* Exercise requirements
Within the records that follow, restate exactly the lines from the line with "Cannes-Luxury-Villa-Rental-sleeps-14" down to the line with "In Near Park Grun Villa *", including both. Omit the pictures.

━━ Records for the exercise ━━

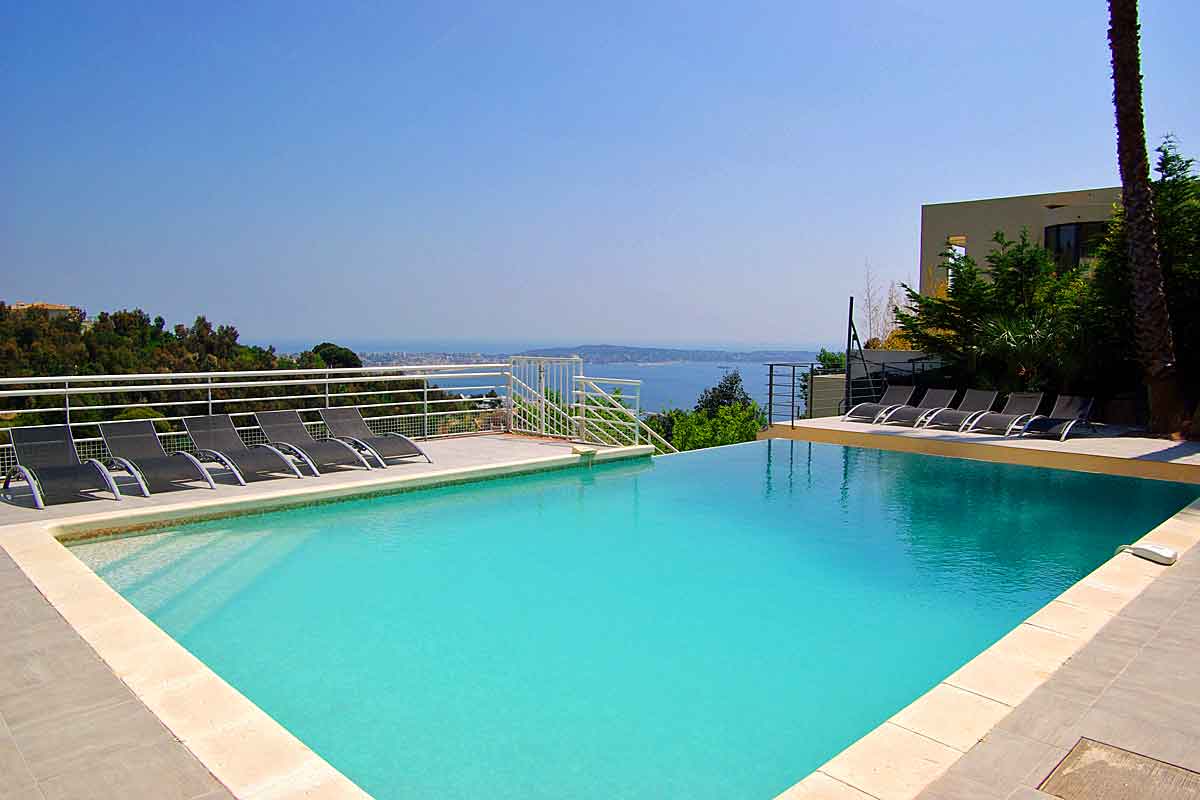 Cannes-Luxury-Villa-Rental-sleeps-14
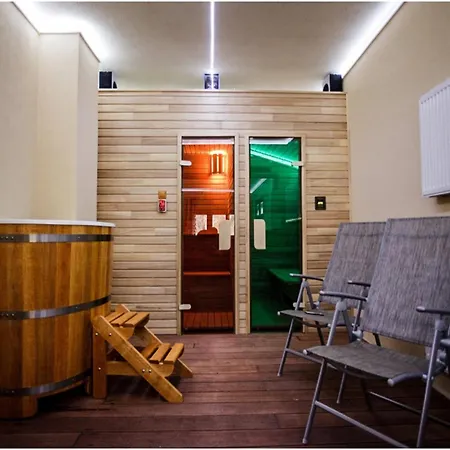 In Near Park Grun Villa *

━━━
━━ Records for the exercise ━━

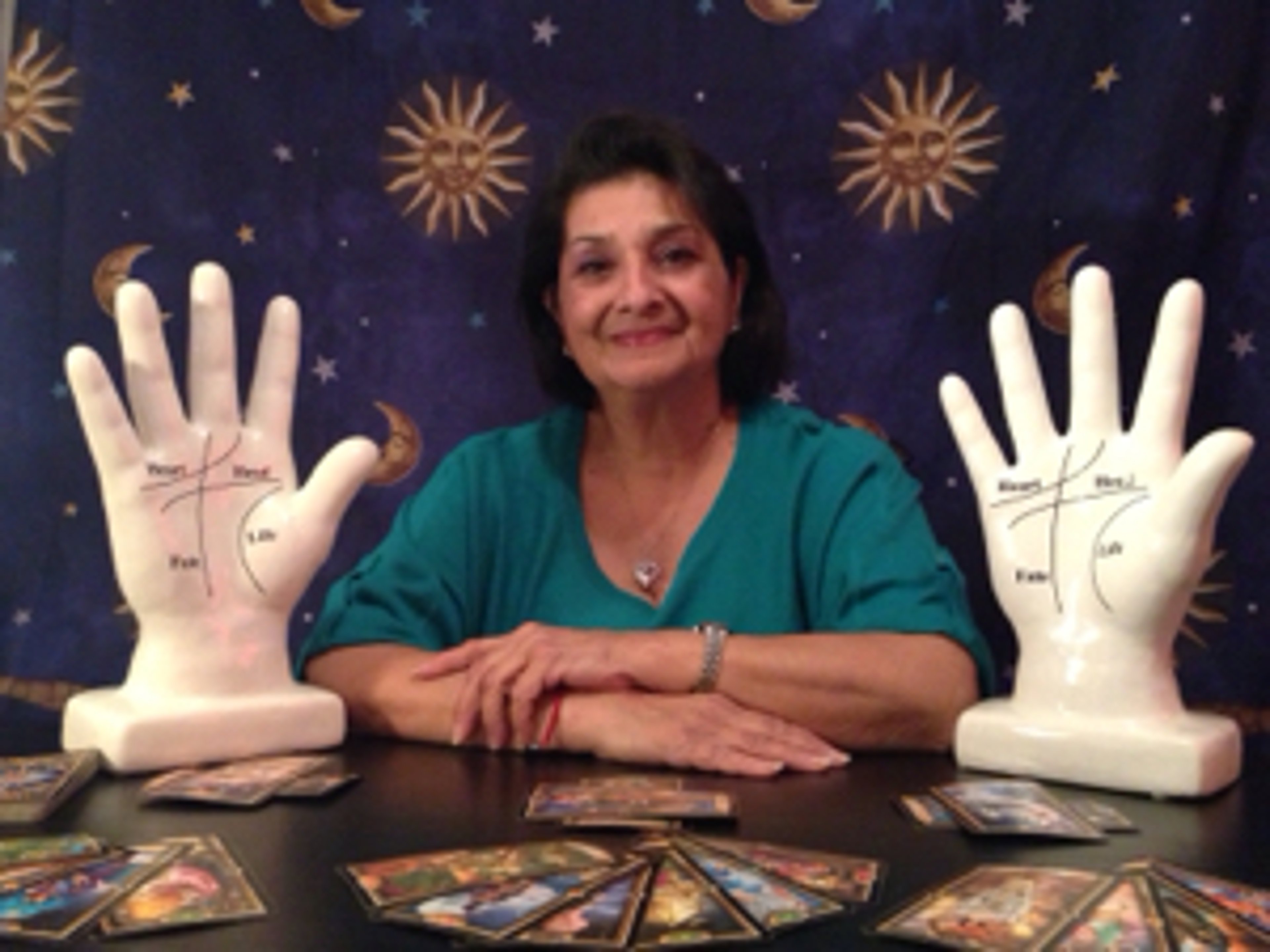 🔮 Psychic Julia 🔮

━━━

* Task result
 Cannes-Luxury-Villa-Rental-sleeps-14
 In Near Park Grun Villa *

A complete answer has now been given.